» WHAT YOU WILL DO
In the records below, find the line containing "LG 선발투수 톨허스트가" and return it together with every later line, exactly as written; pictures are to be omitted.
::: RECORD EXCERPTS :::
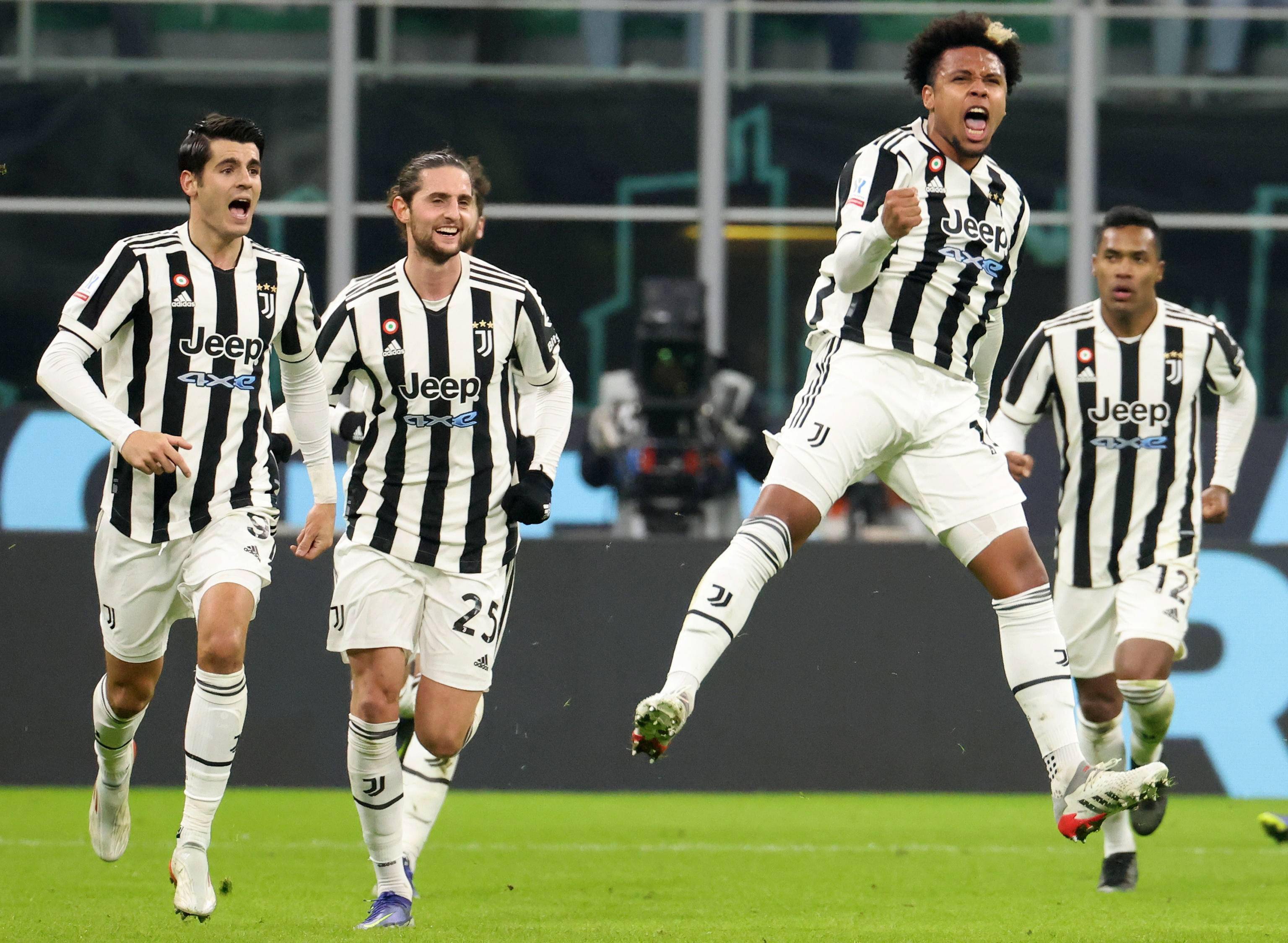 率领球队晋级亚洲杯正赛，新加坡临时主帅加文-李转正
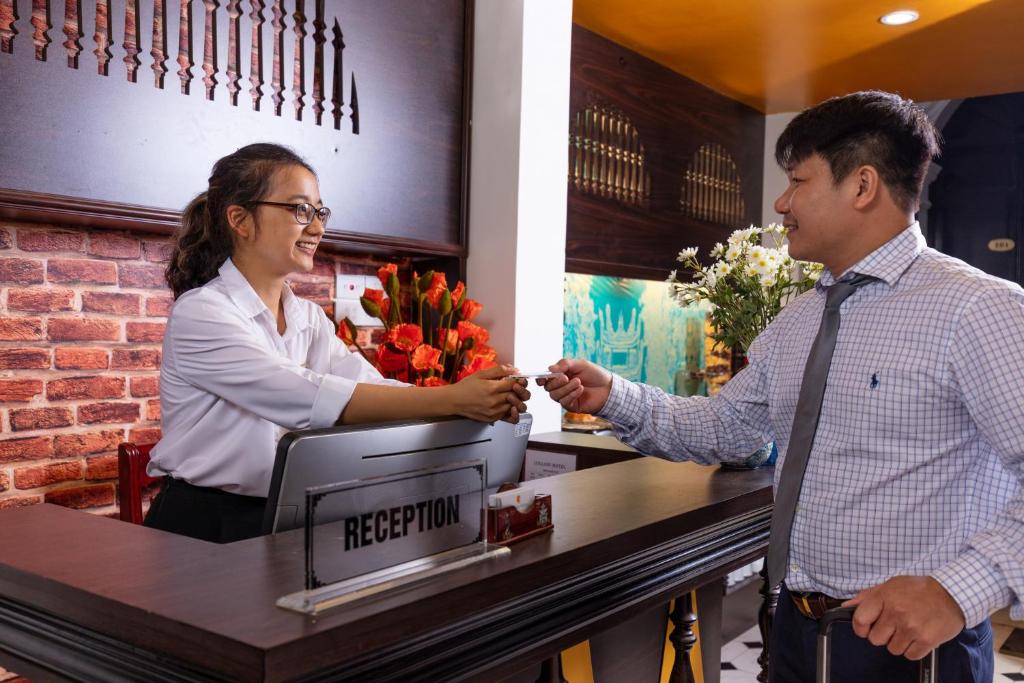 Členové personálu v ubytování Hanoi Center Silk Lullaby Hotel and Travel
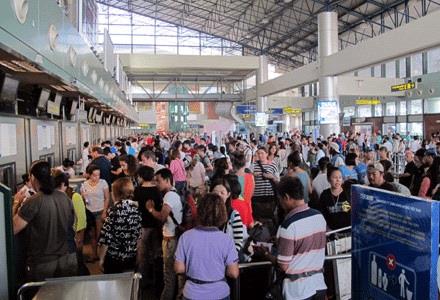 Vé máy bay tăng vì phải thu hộ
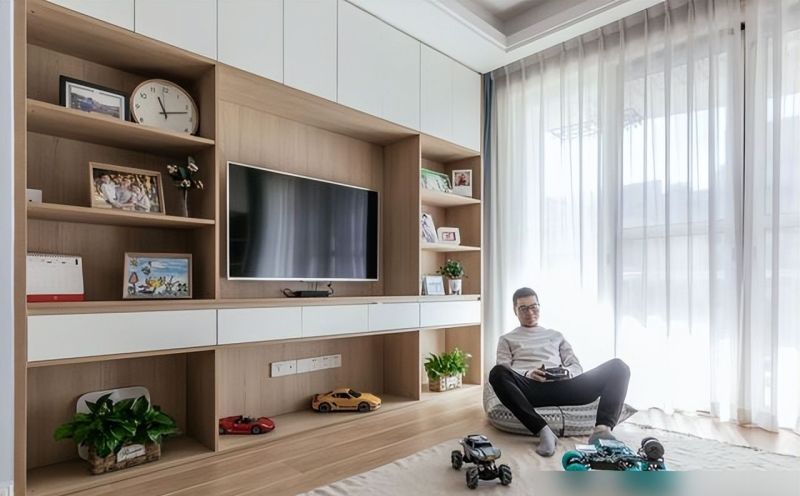 看完她家，我承认越简单的装修越好看，原木配奶油白，温馨又明亮 - 家居知识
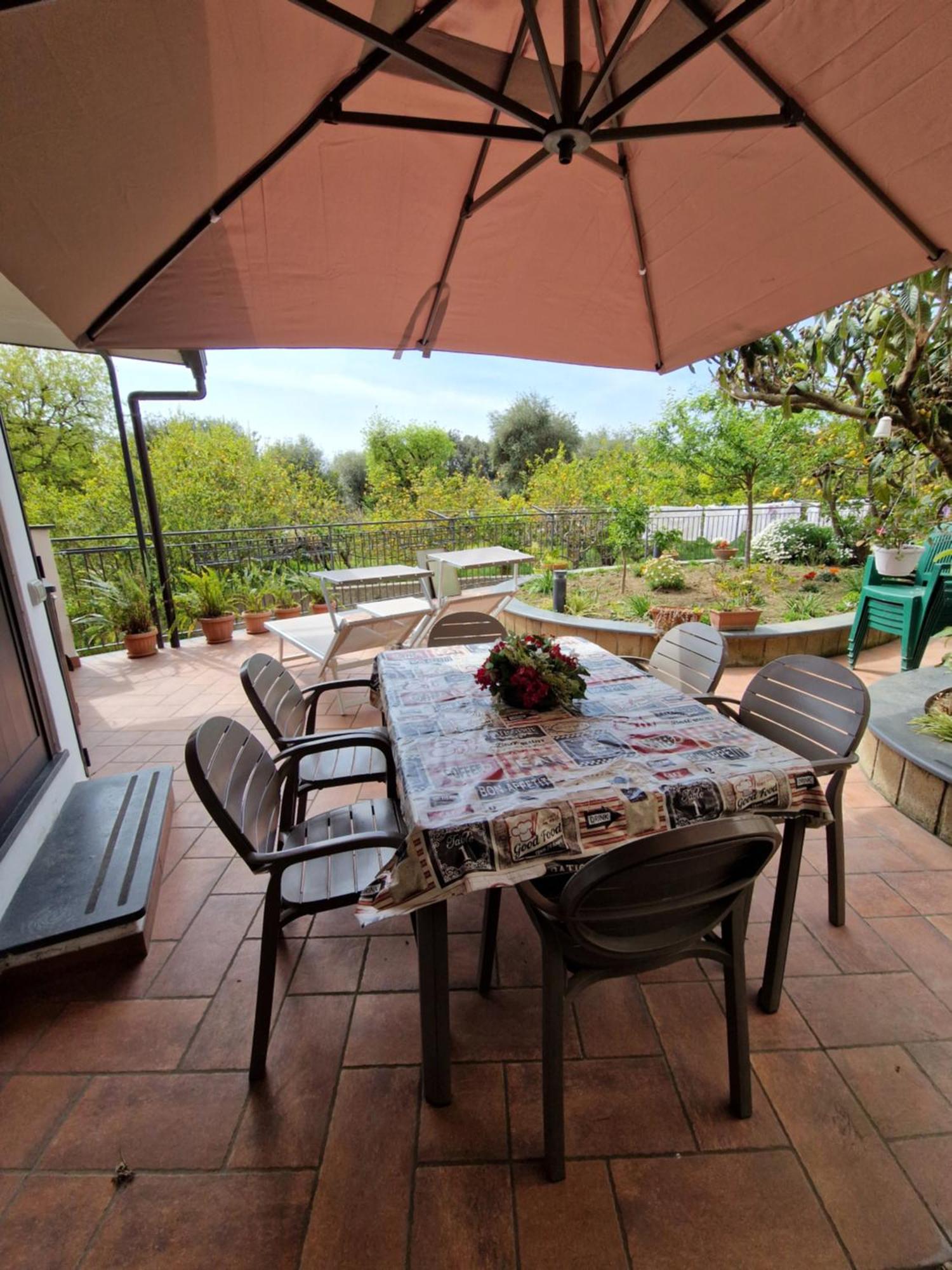 Il Giardino Dei Gigli Apartment Meta Exterior photo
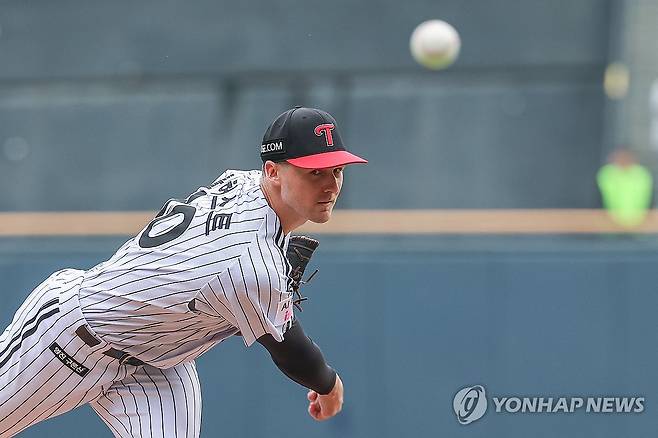 1차전 승리 견인한 LG 톨허스트 (서울=연합뉴스) 서대연 기자 = 26일 서울 잠실야구장에서 열린 2025 프로야구 KBO리그 포스트시즌 한국시리즈 1차전 한화 이글스와 LG 트윈스의 경기.
LG 선발투수 톨허스트가 역투하고 있다. 톨허스트는 6이닝 동안 삼진 7개를 뽑으며 7피안타, 2실점으로 퀄리티스타트(선발 6이닝 이상 3자책점 이하 투구)를 펼치며 승리투수가 됐다. 2025.10.26 dwise@yna.co.kr
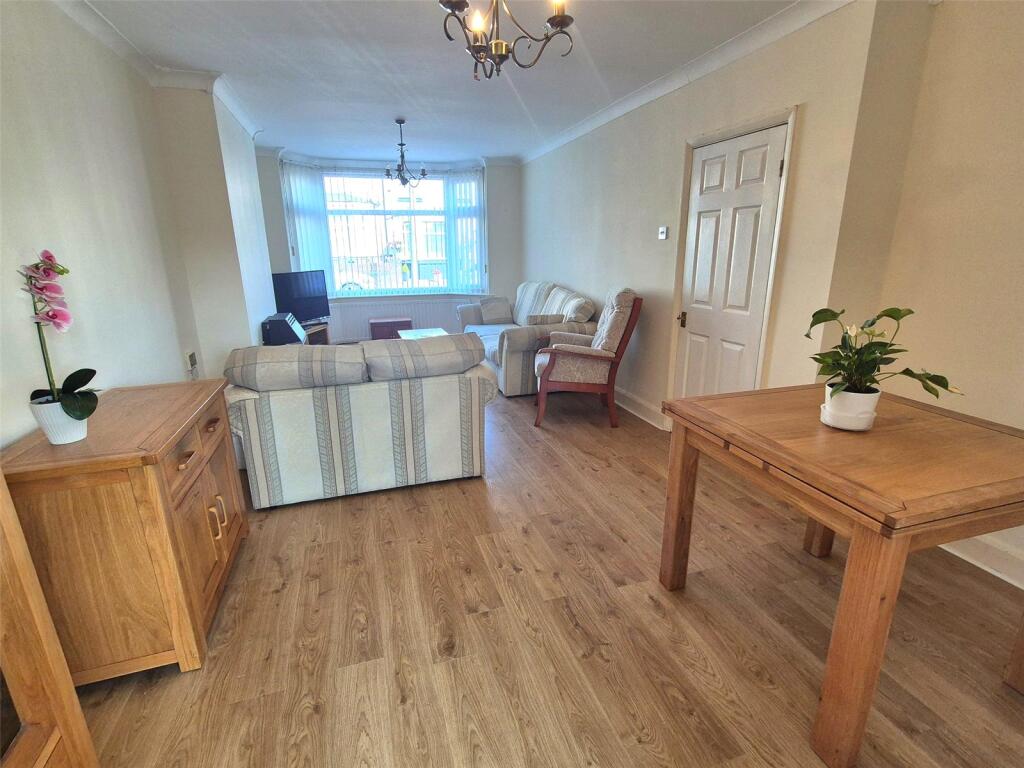 Lavender Avenue, COUNDON, Coventry, CV6 photo 4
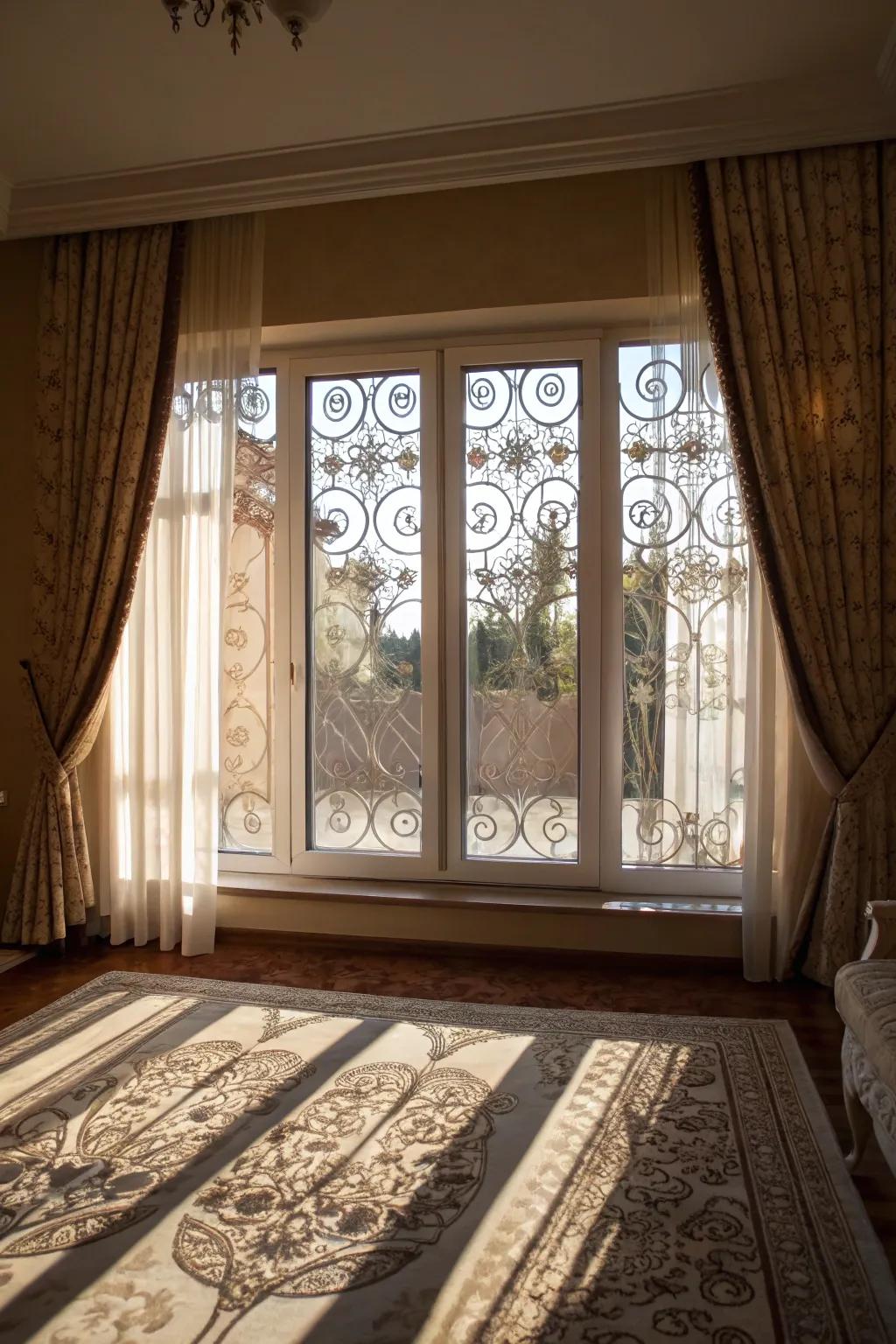 Complex designs ensure both style and seclusion.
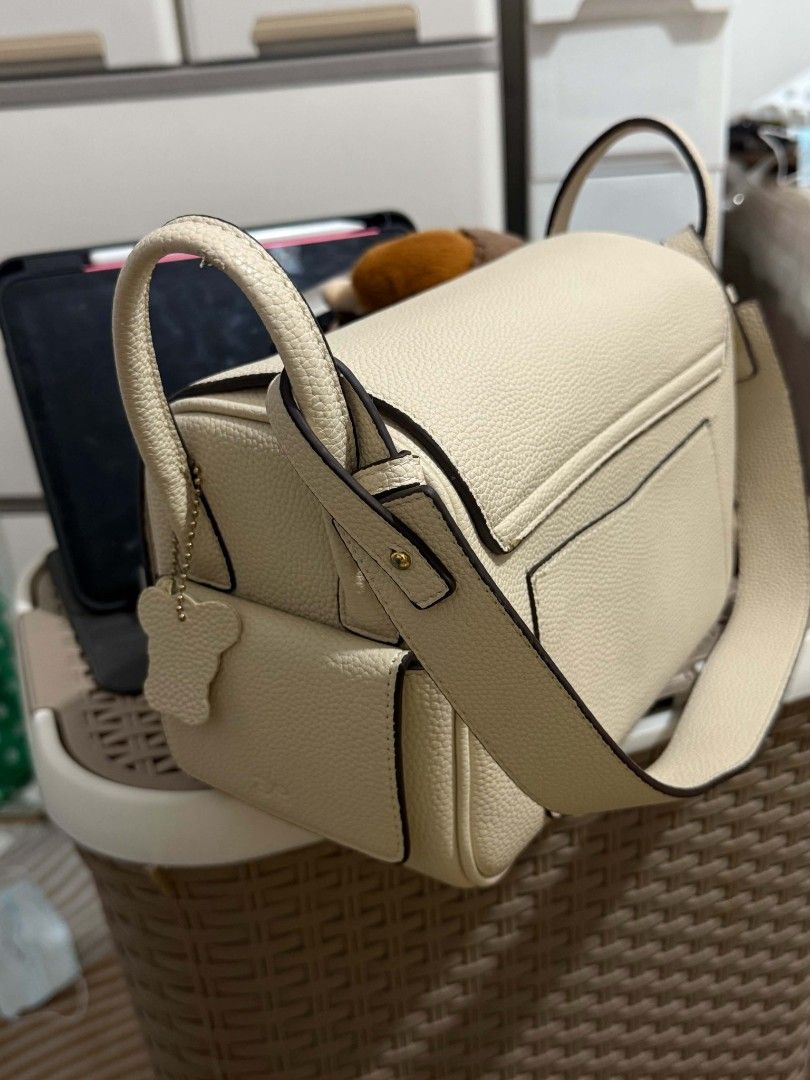HOLB TREASURE 24 ORIGINAL (Category: Cross-body Bags) located in Trece Martires City. Submitted by king2318 (Listing ID 1465079481, Image 2). Description: HOLB TREASURE 24 IN DESTINY COLOR WITH MINIMAL SIGNS OF USAGE NO RETURN NO EXCHANGE NO REFUND PAYMENT FIRST PERSONAL PRELOVE BAG IMUS CAVITE LOCATION LALAMOVE READY .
:::
» TASK OUTPUT
LG 선발투수 톨허스트가 역투하고 있다. 톨허스트는 6이닝 동안 삼진 7개를 뽑으며 7피안타, 2실점으로 퀄리티스타트(선발 6이닝 이상 3자책점 이하 투구)를 펼치며 승리투수가 됐다. 2025.10.26 dwise@yna.co.kr
 Lavender Avenue, COUNDON, Coventry, CV6 photo 4
 Complex designs ensure both style and seclusion.
HOLB TREASURE 24 ORIGINAL (Category: Cross-body Bags) located in Trece Martires City. Submitted by king2318 (Listing ID 1465079481, Image 2). Description: HOLB TREASURE 24 IN DESTINY COLOR WITH MINIMAL SIGNS OF USAGE NO RETURN NO EXCHANGE NO REFUND PAYMENT FIRST PERSONAL PRELOVE BAG IMUS CAVITE LOCATION LALAMOVE READY .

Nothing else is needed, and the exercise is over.